I had a nice surprise yesterday - a letter from a magazine saying they want to publish one of my 'top tips'. This was a surprise firstly because I didn't remember sending it in and secondly because I can't even remember what the tip was!
I'm guessing it wasn't one of the following:
- Don't bother laying flooring - bare concrete never shows the dirt.
- If you don't cut your grass then eventually it will get to such a height it hides all the weeds in your garden.
- If you don't invite anyone round then you don't have to tidy up.
- Do your building work over as long a period as possible then you'll always have a good excuse for your house being in complete chaos.
Well, it was a nice distraction from post emailing angst anyway. I pressed the send button on my chapter and synopsis for my M&B editor slot with Jenny Hutton. I then woke up the next day with the sudden realisation that I'd forgotten to give a hastily created secondary character any distinguishing physical characteristic (wooden leg, glass eye, severe facial disfigurement... that kind of thing).
Ah well, such is writing life. Overall I'm reasonably happy with it.
I've also been having a very interesting conversation about smells with my tiler, (should have consulted him about the alpha scents debate :-) whilst forcing first aid on him. Eventually he accepted my nursing but only on the grounds that he "didnae wanna get blood in ya grout". His favourite smell is one that apparently came second in a poll of people's favourites - clean sheets fresh from the line being ironed or drying on the range.
Which reminds me I should go and do some washing and make some pretence of being the kind of domestic goddess who dispenses top tips...
8 comments:
Ah, Lorraine, you make me laugh!

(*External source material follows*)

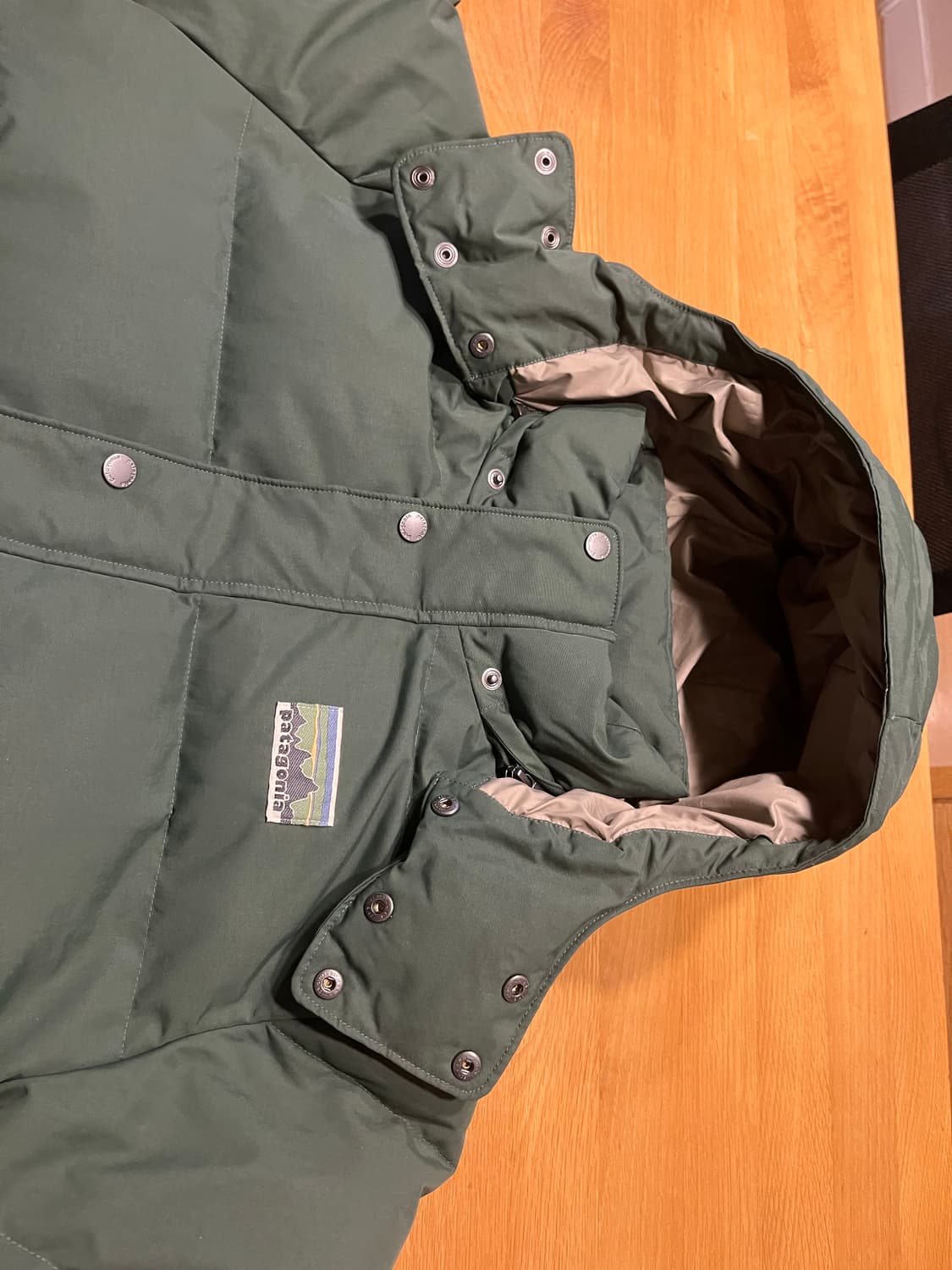 파타고니아 다운드리프트 자켓 토레이 파인 그린 상품이미지8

Love the tips and congrats on selling one.
Ooh I LOVE these tips! Think all us writers understand - after all... we'd all rather be dreaming up fantasy people than dusting our bookshelves, right?!!!
Congrats on selling your top tip. Can't wait to hear what it actually was... you will tell us when you find out, won't you?!
Yay on the tip. I particularly like number 3. I agree with the tiler, that's one of my favourite smells. And also he's right, getting blood in your grout wouldn't be pleasant. :-)
Thanks Lucy. I'd like to think that Rach is right and it's dedication to writing that is responsible for my messy home!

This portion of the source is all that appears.